• **THE PROBLEM**
Repeat exactly the stretch of lines that starts with the one containing "It jumps from" and ends with the last line of the material. Leave out pictures.

• **INFORMATION PROVIDED**
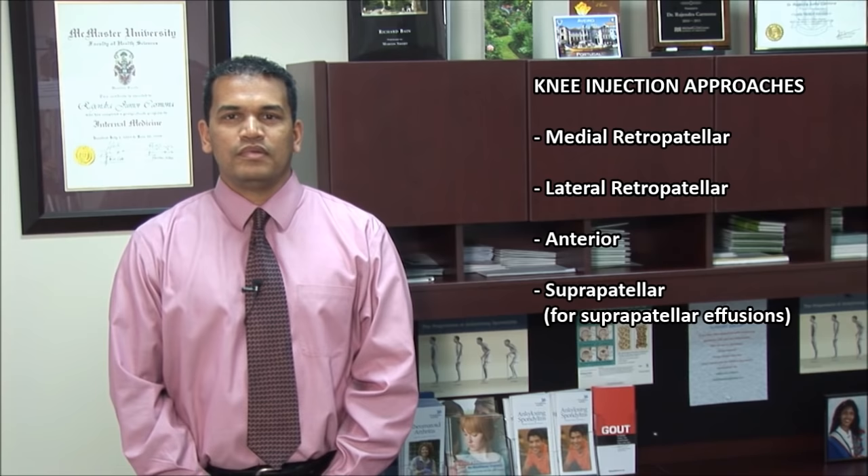There are four common approaches to aspirating or injecting the knee. These include the medial retropatella, lateral retropatella, anterior, and suprapatellar approaches.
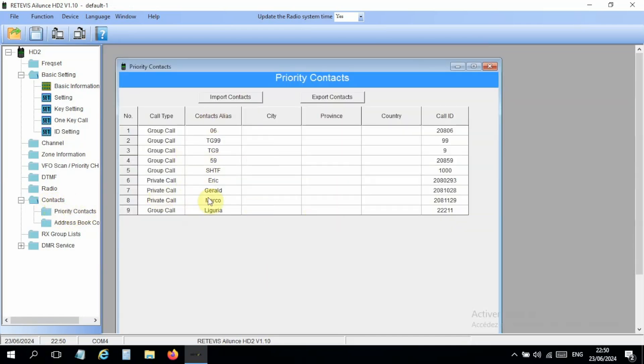I already have a few contacts here. There are group calls and private calls — private calls are for individual people who have an assigned DMR number like mine, and group calls are for repeater talk groups. I have talk group 06, which is my department Alpes-Maritimes, number 20806 — 208 stands for France, 06 for the department. The ones to add if you don't have any are TG99 and TG9, which are for local groups used by many repeaters. I also have one from northern France and one for a repeater in Italy.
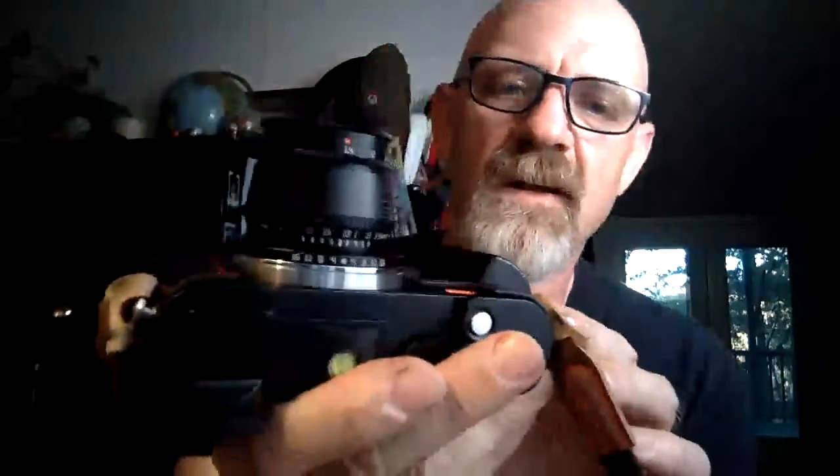It jumps from f/8 straight to f/16. It's also a non-linear aperture — there's f/1.4 then f/2, notice how much space there is between them, and then the space to f/2.8, and then look at the space from f/4 to f/16 — it's basically the same as f/1.4 to f/2. That's probably to save money — they don't have to gear-drive it at a consistent rate, they just mark it and carry on.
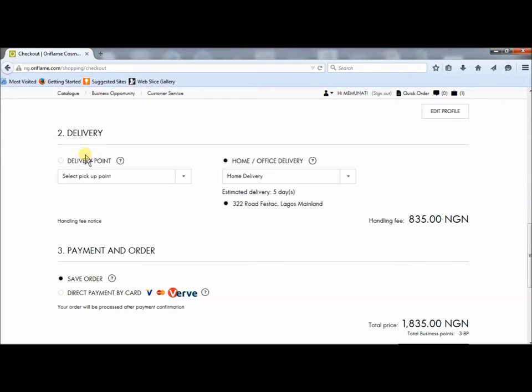At this point, if I want to pick it up from the service center or from any of Oriflame's offices, I click on delivery point. When I select delivery point, I come down here and select which of the Oriflame offices I want to pick it from. But if I want it delivered to my home, I select home delivery.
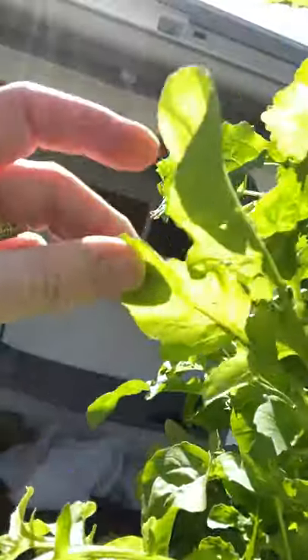Hey tribe, how are we all? I thought it worthwhile touching base — I'm out doing a little bit of air gardening this morning and I can see a little bit of damage on some of my leafy greens. By damage I mean something has been eating them. So it's that time of year — I don't know if anyone else is seeing this, but those butterflies look really beautiful flying around.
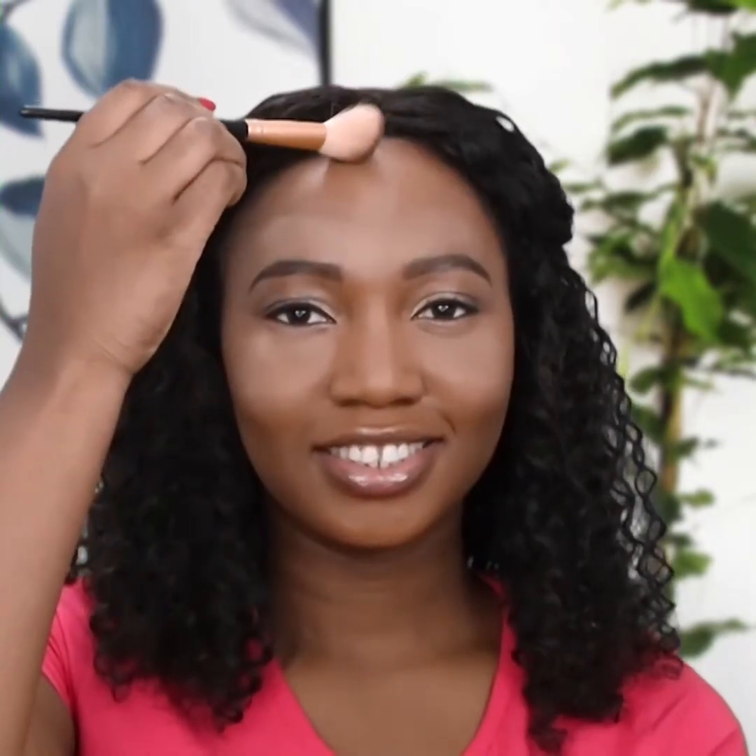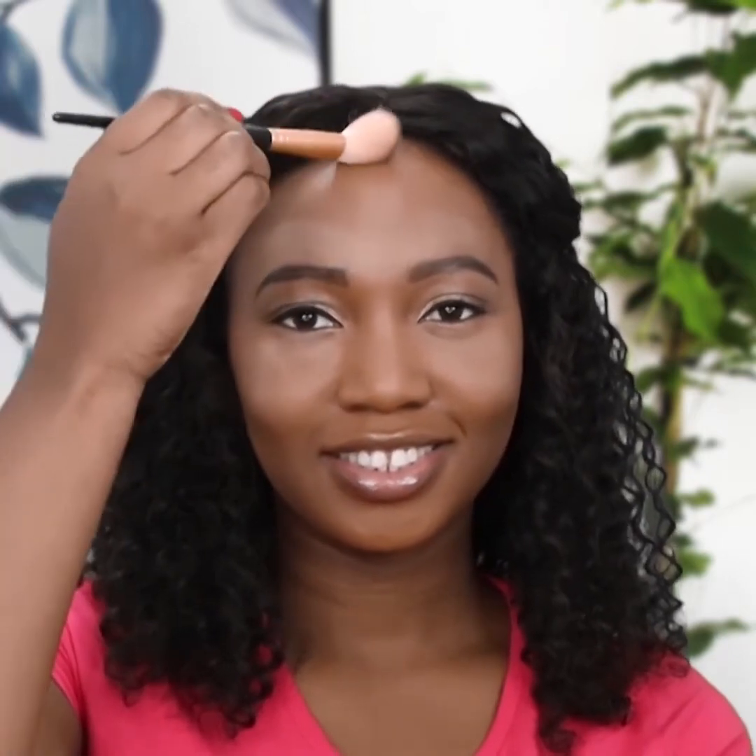Apply powder on your forehead along the hairline, starting from the head of your eyebrows moving outward to the temples. Blend the contour powder around your hairline.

• **OUTPUT**
It jumps from f/8 straight to f/16. It's also a non-linear aperture — there's f/1.4 then f/2, notice how much space there is between them, and then the space to f/2.8, and then look at the space from f/4 to f/16 — it's basically the same as f/1.4 to f/2. That's probably to save money — they don't have to gear-drive it at a consistent rate, they just mark it and carry on.
At this point, if I want to pick it up from the service center or from any of Oriflame's offices, I click on delivery point. When I select delivery point, I come down here and select which of the Oriflame offices I want to pick it from. But if I want it delivered to my home, I select home delivery.
Hey tribe, how are we all? I thought it worthwhile touching base — I'm out doing a little bit of air gardening this morning and I can see a little bit of damage on some of my leafy greens. By damage I mean something has been eating them. So it's that time of year — I don't know if anyone else is seeing this, but those butterflies look really beautiful flying around.
Apply powder on your forehead along the hairline, starting from the head of your eyebrows moving outward to the temples. Blend the contour powder around your hairline.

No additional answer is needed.